Don't let your passion for information lead to a credibility disaster
Don’t let your passion for information lead to a credibility disaster
Follow these tips to secure your systems against information catastrophes
The nuclear power industry had Three Mile Island. Tylenol had package tampering and the death of an innocent human being. A similar debacle is just waiting to happen in health care, warns a report recently issued by the National Research Council (NRC) under the auspices of the Institute of Medicine (IOM), both based in Washington, DC.1
If you think it can’t happen to you, talk to officials at New York City’s St. Clare’s Hospital. The hospital was sued for $10 million in 1994 by Rep. Nydia M. Velazquez (D-NY), who claimed records of a past suicide attempt were leaked by hospital staff to the press.
Unless everyone involved in information management systems starts to insist on better security and patient confidentiality, it’s just a matter of time before the joys of the Internet will become the miseries of health care providers who let information unwittingly slip out, possibly affecting thousands of people. That’s the undiluted warning found in the NRC’s study, titled For the Record: Protecting Electronic Health Information.
Public interest, health care realignment drive concerns
"The public increasingly views this as a very serious topic; the interest in ensuring that data is confidential is higher in the public’s mind, and in the congressional mind, than it’s ever been," warns John Glaser, PhD, vice president and chief information officer of Partners HealthCare System. Glaser is one of 15 IOM-appointed panel members who made seven site visits as part of the study of medical records. Partners is a Boston-area "super-PHO" of 4,000 physicians and three major hospitals.
Besides public sentiment, another reason for concern is how health care organizations are realigning, and how little attention they are paying to database security.
Because so many entities want and need data to guide everything from health care purchasing decisions to provider profiling, there need to be checks and balances in reporting systems to ensure patient confidentiality, Glaser adds.
In fact, for all the progress you might make in going on-line with your medical records, you could blow the entire effort along with the credibility of your practice if one big information blunder allows high-profile information to become public knowledge.
Gail Holman, practice administrator for six-physician Atlanta Dermatology Associates, has not yet placed her practice’s medical records on-line, but is engaged in researching systems now. Security and privacy are high on her agenda.
"We’re looking at two aspects information that stays in-house, and information that goes outside," says Holman. "Security needs to be addressed at both levels and in different ways."
Physician practice officials need to do two main things to avert information disasters, experts recommend:
• Understand what types of security threats exist.
• Specifically instruct computer vendors to install the protections necessary for their systems. (The table above summarizes these threats, along with corresponding countermeasures.)
The best way to start is to understand what threats are out there, researchers point out. (For details on step two, ensuring protections your systems need now and what you will likely need in the future, see related story, p. 67.) The NRC’s report, based largely on information drawn from seven site visits to health care organizations, describes these five typical levels of information security threats:
• Threat 1: "Spills." Insiders make "innocent" mistakes and cause accidental disclosures. Accidental disclosure of information is probably the most common threat, researchers said. They list numerous ways this can occur:
overheard conversations between care providers in the corridor or elevator;
a laboratory technician noticing test results for an acquaintance among lab tests being processed;
information left on the screen of a computer in a nursing station so a passerby can see it;
misaddressed e-mail or fax messages, or misfiled and misclassified data.

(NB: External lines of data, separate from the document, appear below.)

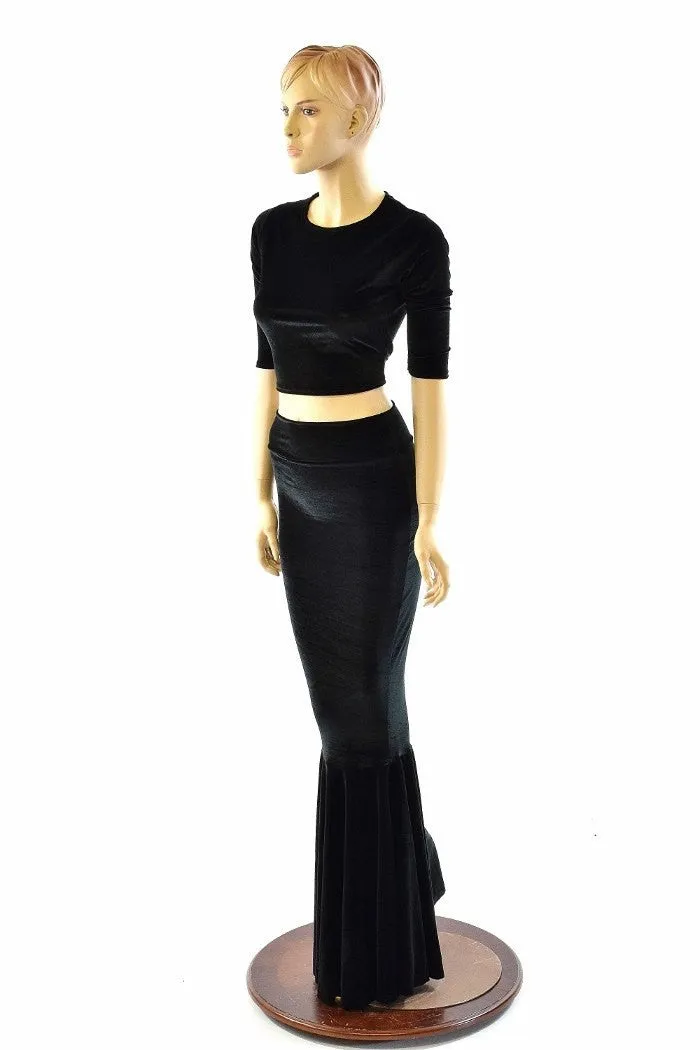 Black Velvet Mermaid Skirt & Top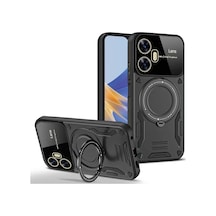 Realme C55 Kılıf Joy Lens Standlı Kapak - Siyah Diğer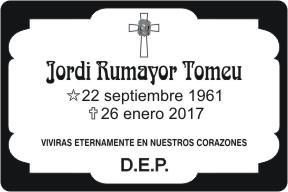 PLACA PARA DIFUNTO Grabinco.com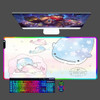 Japanese Cute Jinbesan LED Kawaii Mouse Pad Large Laptop Game Accessories Speed Keyboard Mousepad Rubber Lock Edge RGB Desk Mat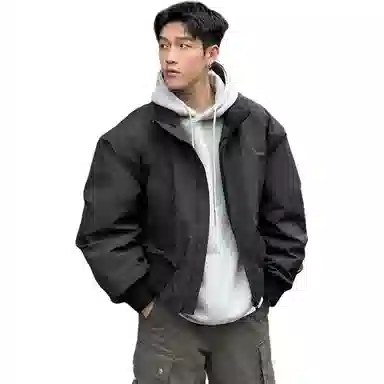 徐百货  春秋款美式潮牌双拉链立领飞行员夹克潮流宽松教练休闲工装外套棒球服 男款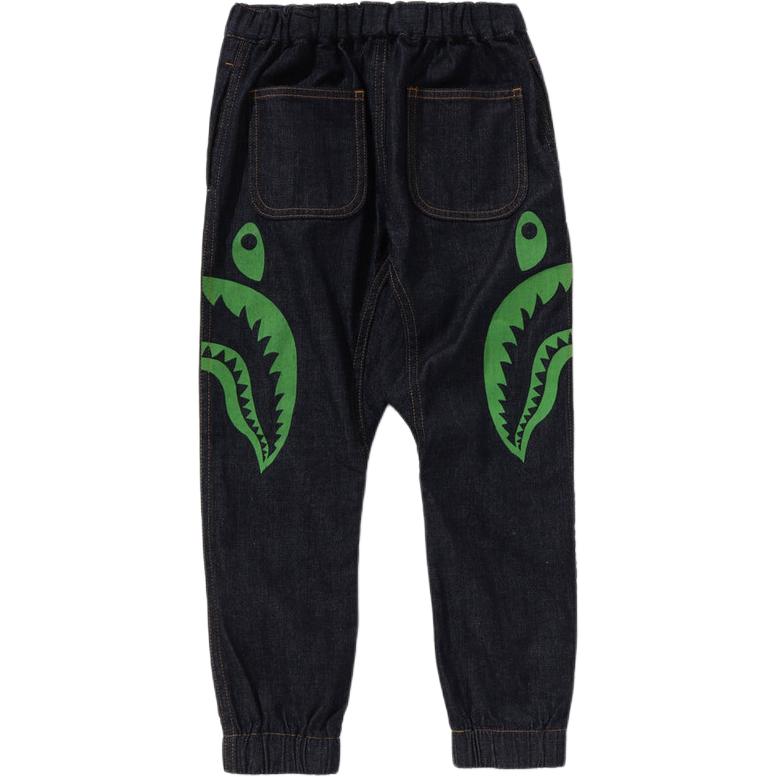 Детские джинсы Moderate A BATHING APE, черный зеленый — фото 3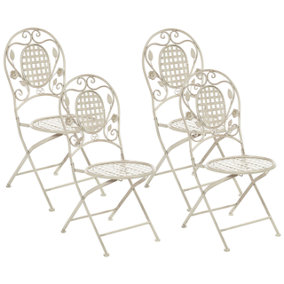 Garden Chair Set of 4 Metal Off-White BIVIO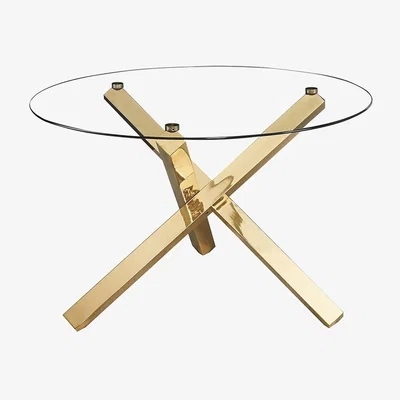 Furniture123 LPD Capri Dining Table Glass Top with Gold Metal Legs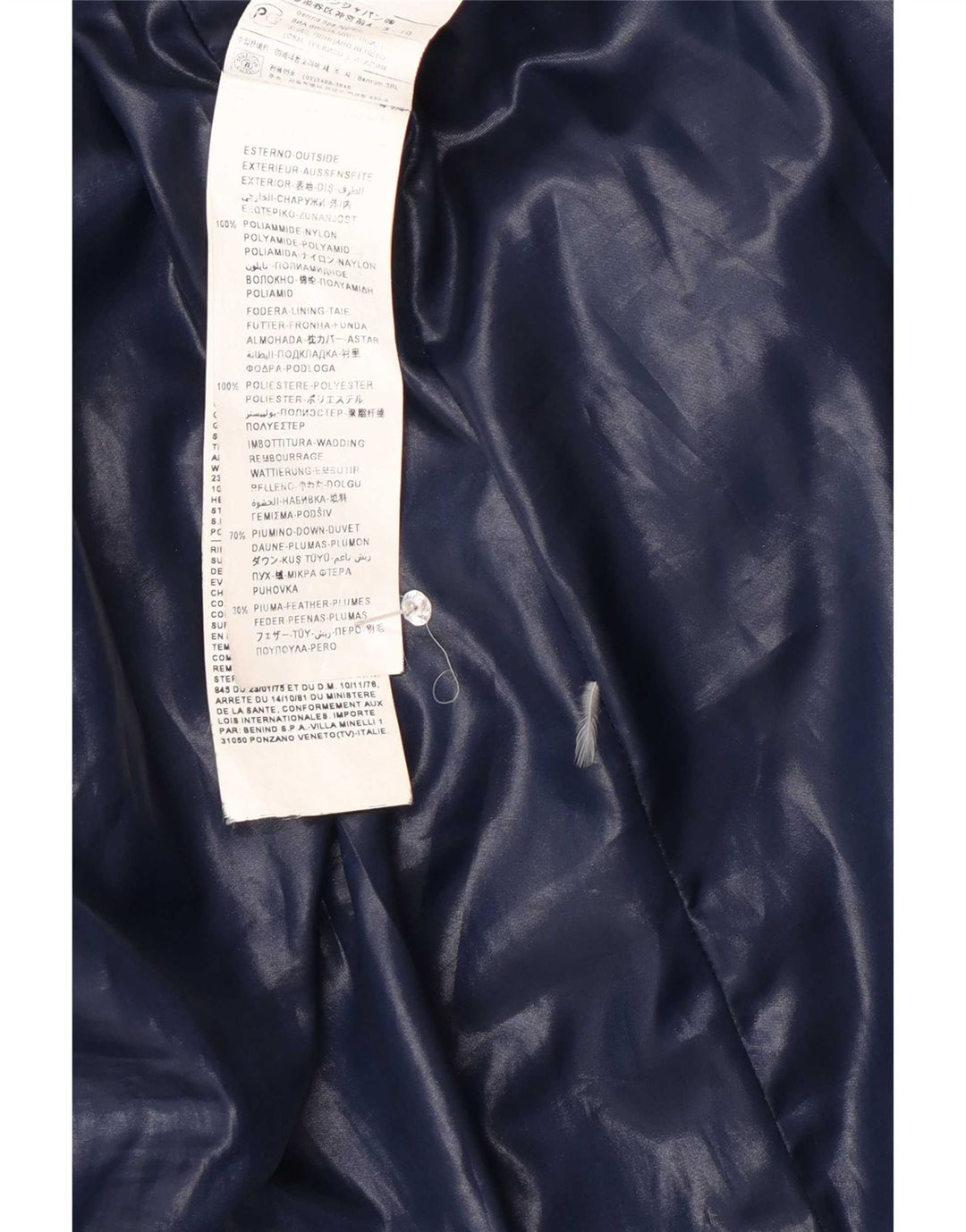 Benetton Womens Hooded Padded Coat IT 42 Medium Navy Blue Polyamide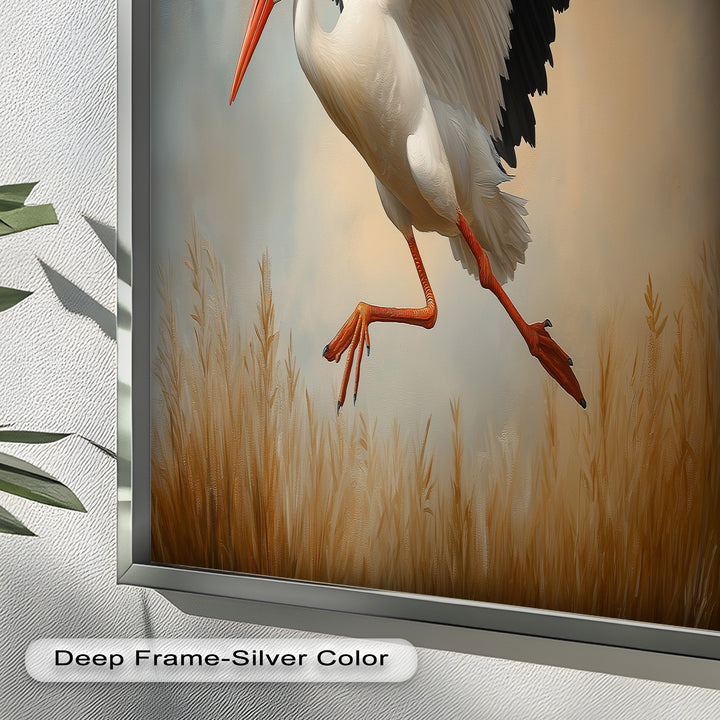 Stork in Flight over Golden Grasses – Animal Oil Painting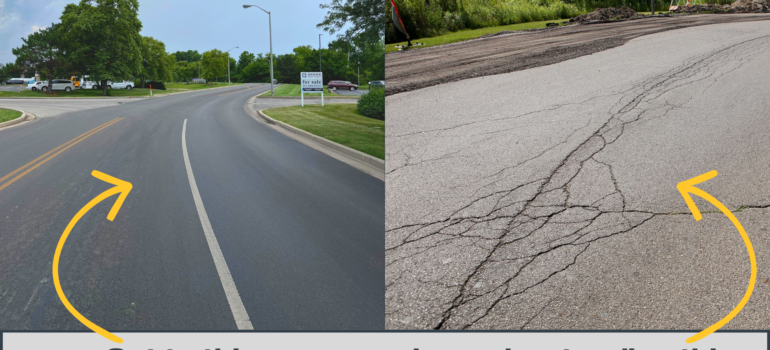 An example of a good road and a distressed road.
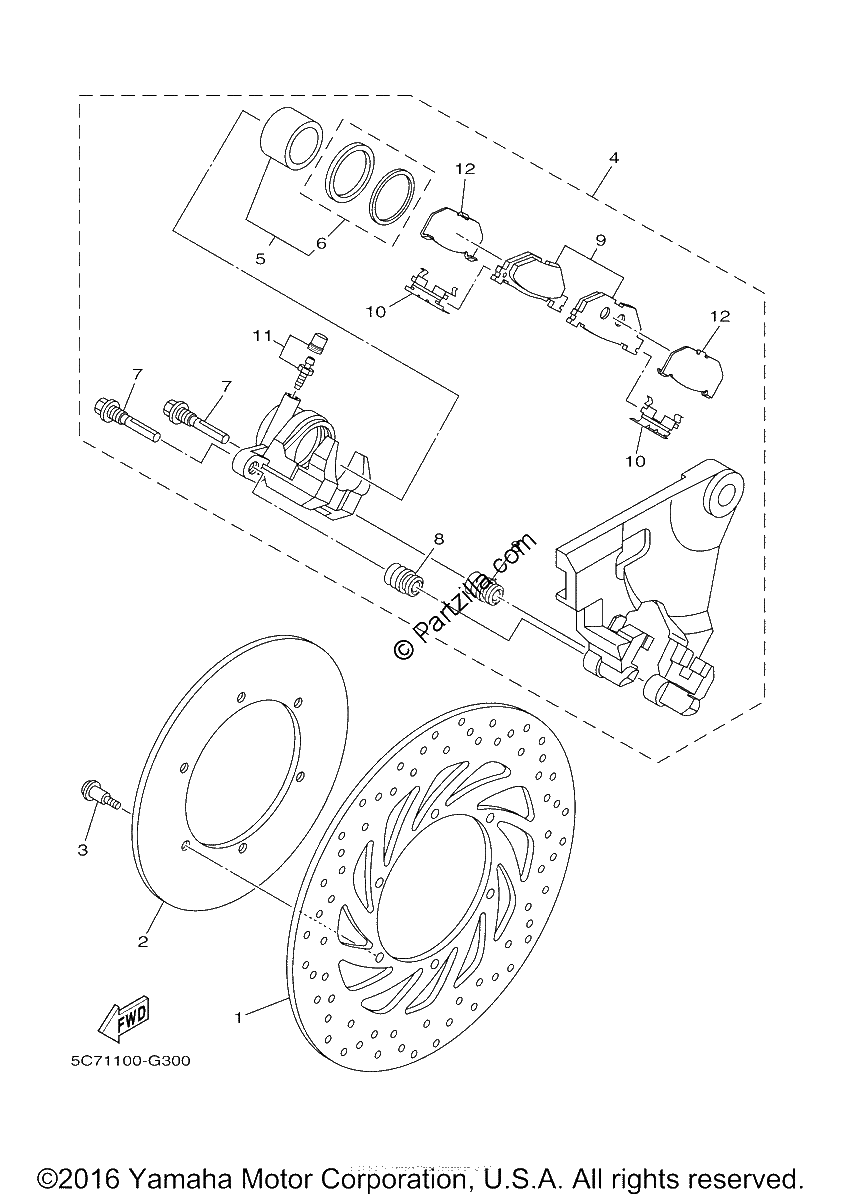 Diagrama de REAR BRAKE CALIPER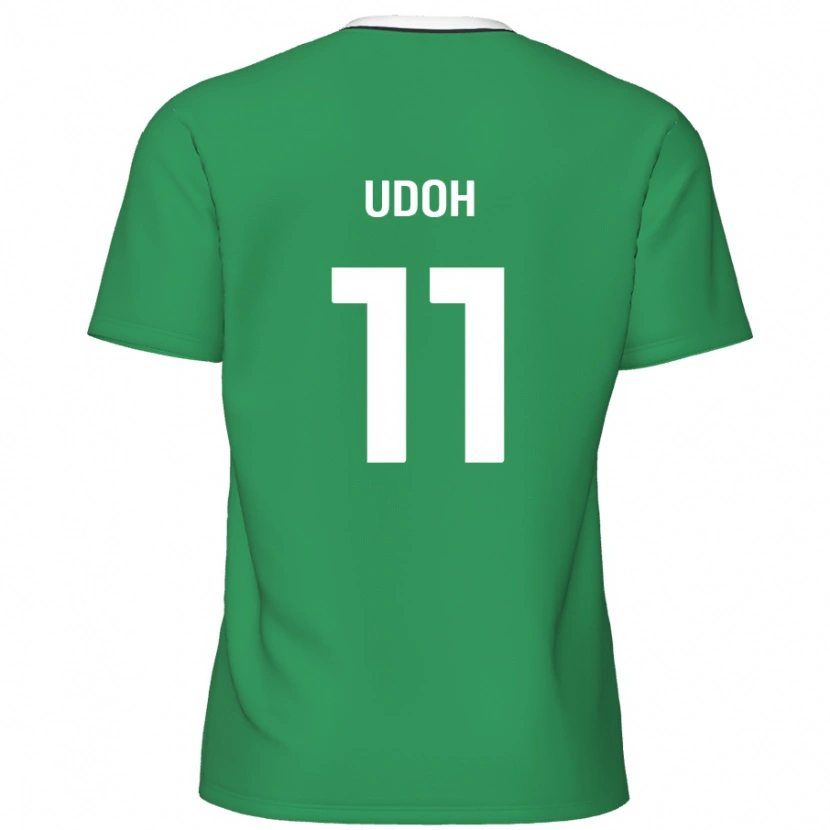Danxen Mujer Camiseta Daniel Udoh #11 Verde Rayas Blancas 2ª Equipación 2024/25 La Camisa México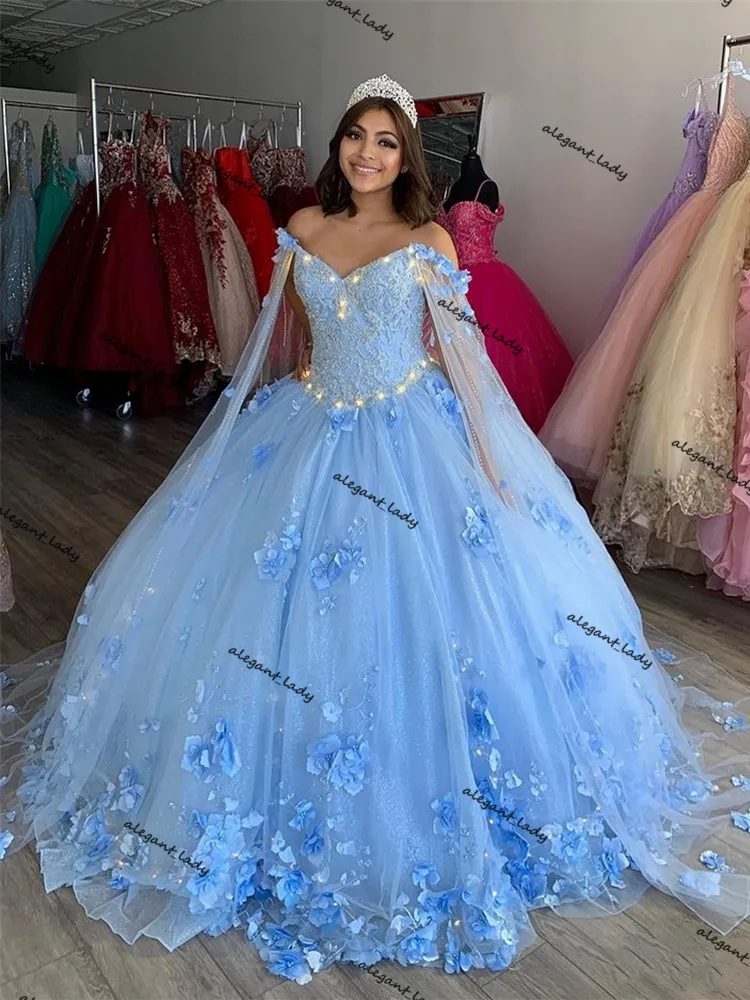 Blue quinceanera dresses clearance with sleeves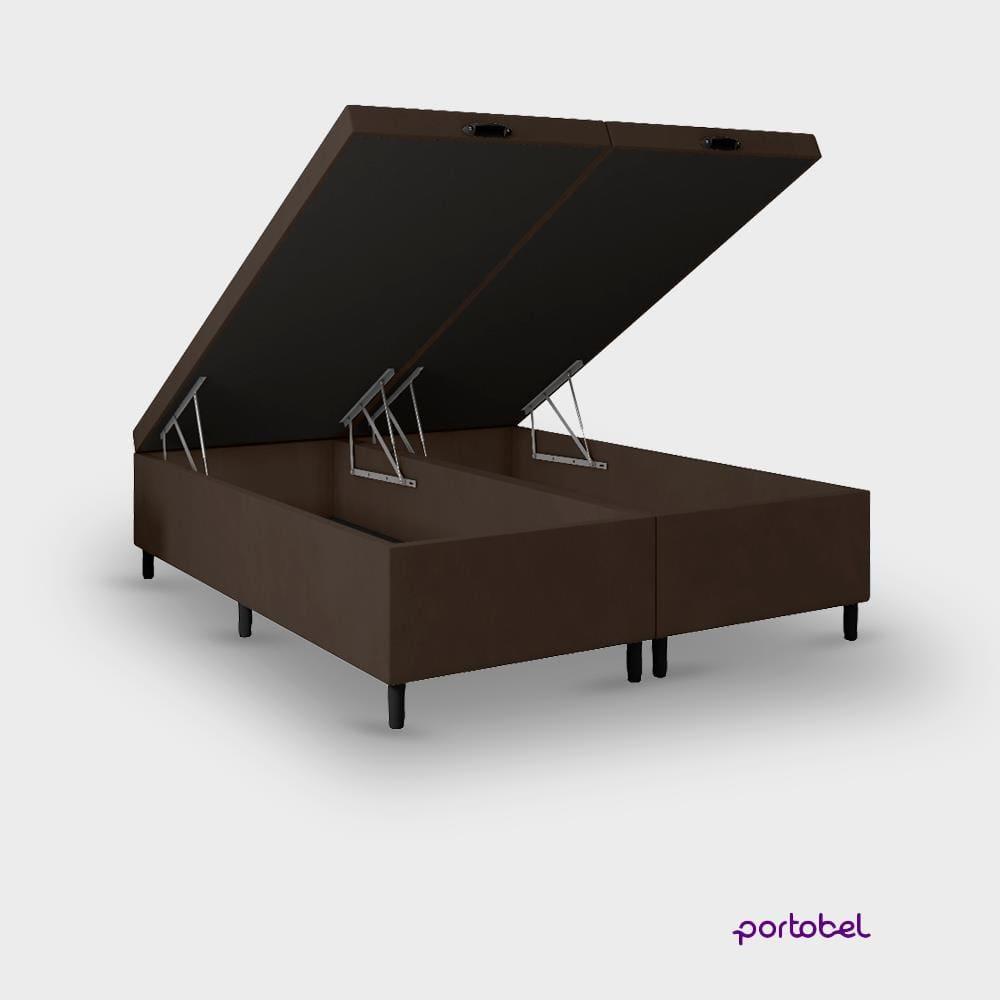 Cama Box King Size Portobel Noah 70x196x203 Colchão com Molas Ensacadas Box Baú Tecido Poliéster Marrom - 5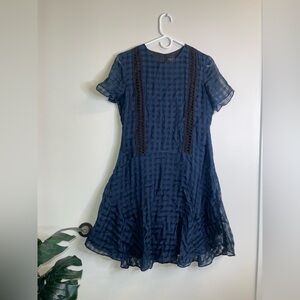 Adolfo Dominguez Elegant Blue Checkered Dress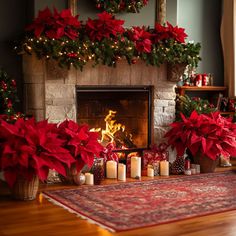 Premium Poinsettias Holiday Illustration Lush Christmas, Holiday Diy Projects, Holiday Mantel, Christmas Fireplace Decor, Pine Cone Decorations, Christmas Mantel Decorations, Hooked Wool, Navidad Diy, Christmas Fireplace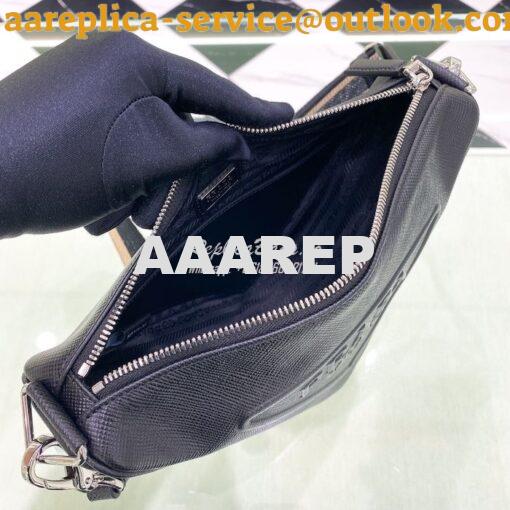 Replica Saffiano Prada Triangle bag 2VH155 Black 8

• Threat 2: "Improper use." Insiders abuse their record access privileges. Examples of this occur among individuals who have authorized access to key data (whether through on-site or off-site facilities) and who violate the trust associated with that access.
"Although no overall statistics are available to indicate the scope of the problem, discussions with employees during site visits uncovered many cases in which health care workers have accessed information about the health of fellow employees or family members out of concern for their well-being," the report states.
• Threat 3. "Snooping." Insiders knowingly access information for spite or for profit. This kind of threat arises when an attacker has authorization for some part of the system, but through technical or other means gains unauthorized access to critical data. For an example, a billing clerk who has access to financial information could tap into other parts of the system if technical barriers are not in place.
• Threat 4. "Prowling." There is an unauthorized physical intruder. In this kind of case, an unauthorized person would have physical access to computer equipment but no authorization for system use. For example, an individual who puts on a lab coat and a fake badge can walk into a facility, start using a work station, and even ask employees for guidance in using the system.
• Threat 5. "Technical break-in." Vengeful employees and outsiders, such as vindictive patients or intruders, launch attacks to access unauthorized information, sabotage systems, and interfere with operations.
"This is the pure technical threat an attacker with no authorization and no physical access," the report states. An example would be an intruder who breaks into a system from an external network and extracts patient records.
This threat is truly dangerous only when patient records are accessed regularly through an external network, researchers say. But, that interconnection is more common than ever. "Most providers are moving toward the use of networking computer technologies as they move toward electronic medical records," the report points out.
Reference
1. For the Record: Protecting Electronic Health Information. Washington, DC: National Research Council; 1997.